There are many areas where you can take control of your finances to save money and make money.
But while you can redecorate your home, you probably wouldn’t take on the task of rebuilding it yourself, and the same applies when dealing with your money.
So when do you need expert assistance with your money? Put simply, when a lot of it is at stake. Here are common situations where that applies and where using an adviser can help you avoid costly mistakes.
Protecting your family
It’s easy to buy cheap life insurance from an online provider. But buying it this way may mean your family don’t get the money when they need it, or that they pay tax on it unnecessarily.
For most people, life insurance should be placed ‘in trust’ both to ensure immediate payment and to keep the money away from the taxman. While you can get your head round a set of trust forms, you really need to think carefully about who gets the money in what circumstances.
Moreover, many people don’t fully think through the type of cover they buy - you may be buying cheap term assurance, but a Family Income Benefit policy might be a more appropriate (and even cheaper) way to provide the cover your family needs.
Also, many people today are buying Critical Illness insurance when a more appropriate (and cheaper) form of cover may be Income Protection (Permanent Health) Insurance.

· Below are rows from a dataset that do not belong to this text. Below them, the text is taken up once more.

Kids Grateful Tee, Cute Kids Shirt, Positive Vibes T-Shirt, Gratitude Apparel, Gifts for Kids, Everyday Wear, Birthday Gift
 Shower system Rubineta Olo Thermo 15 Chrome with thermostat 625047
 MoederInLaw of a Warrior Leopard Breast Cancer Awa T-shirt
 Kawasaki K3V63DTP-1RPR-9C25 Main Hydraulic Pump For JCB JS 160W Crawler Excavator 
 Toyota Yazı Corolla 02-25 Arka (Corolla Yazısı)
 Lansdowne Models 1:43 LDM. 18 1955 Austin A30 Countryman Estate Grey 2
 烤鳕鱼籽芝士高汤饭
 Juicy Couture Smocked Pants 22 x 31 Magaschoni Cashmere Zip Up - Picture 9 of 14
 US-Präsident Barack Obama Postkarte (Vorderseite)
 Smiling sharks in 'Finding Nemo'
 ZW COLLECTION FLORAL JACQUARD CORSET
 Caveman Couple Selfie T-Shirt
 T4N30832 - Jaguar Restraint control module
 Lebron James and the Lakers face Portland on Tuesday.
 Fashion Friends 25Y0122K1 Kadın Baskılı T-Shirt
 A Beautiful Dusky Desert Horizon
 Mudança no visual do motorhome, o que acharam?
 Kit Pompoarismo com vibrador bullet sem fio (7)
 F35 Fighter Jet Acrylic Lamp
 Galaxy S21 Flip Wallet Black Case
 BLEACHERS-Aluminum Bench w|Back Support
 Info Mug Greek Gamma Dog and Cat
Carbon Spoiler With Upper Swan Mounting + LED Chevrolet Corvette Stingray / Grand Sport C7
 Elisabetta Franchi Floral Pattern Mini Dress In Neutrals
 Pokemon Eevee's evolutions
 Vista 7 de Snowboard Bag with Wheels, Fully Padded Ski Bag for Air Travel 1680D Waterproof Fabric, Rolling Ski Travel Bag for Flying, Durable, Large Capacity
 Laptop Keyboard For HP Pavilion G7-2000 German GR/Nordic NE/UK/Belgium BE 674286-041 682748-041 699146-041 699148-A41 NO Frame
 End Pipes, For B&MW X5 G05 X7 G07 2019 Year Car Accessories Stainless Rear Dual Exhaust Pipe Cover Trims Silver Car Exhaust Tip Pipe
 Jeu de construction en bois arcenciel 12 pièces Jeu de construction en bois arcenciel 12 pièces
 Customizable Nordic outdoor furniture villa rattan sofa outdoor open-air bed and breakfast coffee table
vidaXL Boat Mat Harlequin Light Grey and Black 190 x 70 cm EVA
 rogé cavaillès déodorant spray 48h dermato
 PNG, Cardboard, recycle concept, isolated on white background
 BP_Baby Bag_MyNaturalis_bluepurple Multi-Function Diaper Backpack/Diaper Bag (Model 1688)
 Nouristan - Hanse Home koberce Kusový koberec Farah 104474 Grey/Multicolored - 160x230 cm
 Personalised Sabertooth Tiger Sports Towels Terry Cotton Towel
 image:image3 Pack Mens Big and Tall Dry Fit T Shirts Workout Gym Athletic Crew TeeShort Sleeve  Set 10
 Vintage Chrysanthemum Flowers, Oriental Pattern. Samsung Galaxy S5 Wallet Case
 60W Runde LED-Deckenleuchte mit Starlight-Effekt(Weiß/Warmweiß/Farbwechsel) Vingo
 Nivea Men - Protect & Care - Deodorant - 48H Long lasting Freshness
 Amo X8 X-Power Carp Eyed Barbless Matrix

So there are some big issues here that it may useful to discuss with an adviser.
Making your Will
You can find DIY will forms on the shelf and on the web - but I suggest you leave them there. A simple error of grammar is enough to botch a will. And unless your affairs are complex, it shouldn’t cost more than £100 to get one drawn up by a solicitor.
Whatever you do, never appoint a bank as your executor under a will. Their charges are outrageously high. In fact, avoid professional executors altogether - pick two reliable friends, but make sure they are a bit younger than you.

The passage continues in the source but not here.